We are taught at a small age that the roots of a tree are very important. They provide nutrition, water, and stability. One can imagine that a large tree would have a quite substantial root network. And while the rate and expanse of root growth is different for all species, industry experts say that the root system can be as large as 4-7 times the size of the canopy[1]! It is also subject to geography and soil composition. In ideal soil conditions, roots will spread far, deep and wide. However, in urban developments, roots may not have the ample space, or preferred soil texture to reach their full potential. This creates a problem known as Root Girdling. This occurs when roots wind around the base of a tree, restricting the flow of nutrients. As trees grow the diameter of both the trunk and the roots will increase. Tangled knots and circling snares will become tighter and eventually strangle the tree itself. Often, trees and saplings grown in burlap or containers will respond to the constricted space by winding their roots in a circular fashion. The condition can be exacerbated by incorrectly planting the tree to deep. As you venture out into the nicer weather and watch your buds bloom, keep watch for these tell-tale symptoms that something might be brewing under the surface.

 

 

“Flare”

One of the most visible signs of root girdling is the lack of natural trunk flare at its base.

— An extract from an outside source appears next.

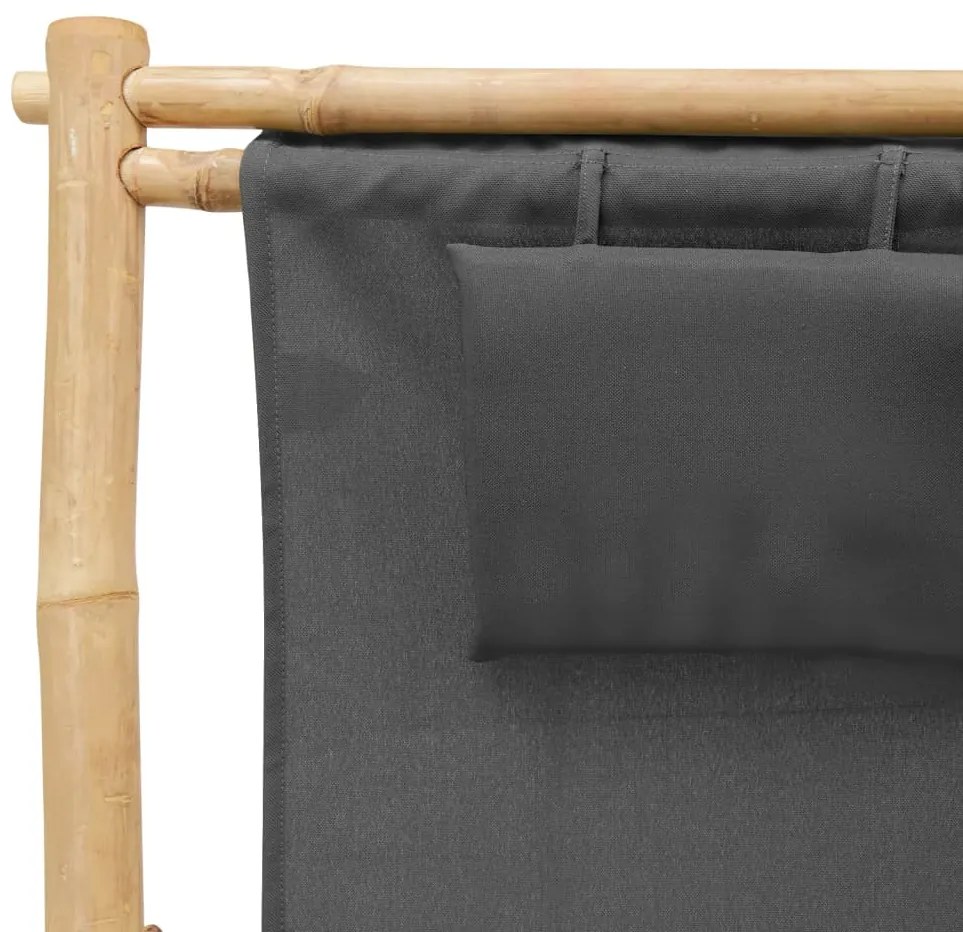 Cadeira de terraço de bambu e lona cinzento-escuro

A tree with girdling roots will resemble a telephone pole, shooting straight down into the ground. This is due to the restriction that the offending root places on the natural expansion at the base of the trunk. The roots will naturally reach and expand during the growth season. Healthy trees will have a gradually expanding base that will “flare” at the soil surface. Roots that are winding around the trunk will compress and restrict this natural expansion, resulting in a straight trunk entering the ground.

 

“Vigor”

Affected trees will show signs of distress in certain areas. A section of the tree may present with lighter or sparse foliage. The leaves may also be small, wither and turn color early in the growing season. Certain branches may seem to die off and in more serious cases, the girdling roots can compress the vascular system enough that it can be fatal to the entire tree.

 

 

 

If you suspect that your tree my be strangling itself, you should immediately consult your arborist! Root Excavation, when done with the proper equipment by a trained professional can SAVE YOUR TREE!  Using an Air Spade, your arborist will carefully remove the soil from the suspected area and visually inspect the root system. Any knots or tight tangles can then be carefully removed, alleviating the restriction and allowing the system to heal and recover.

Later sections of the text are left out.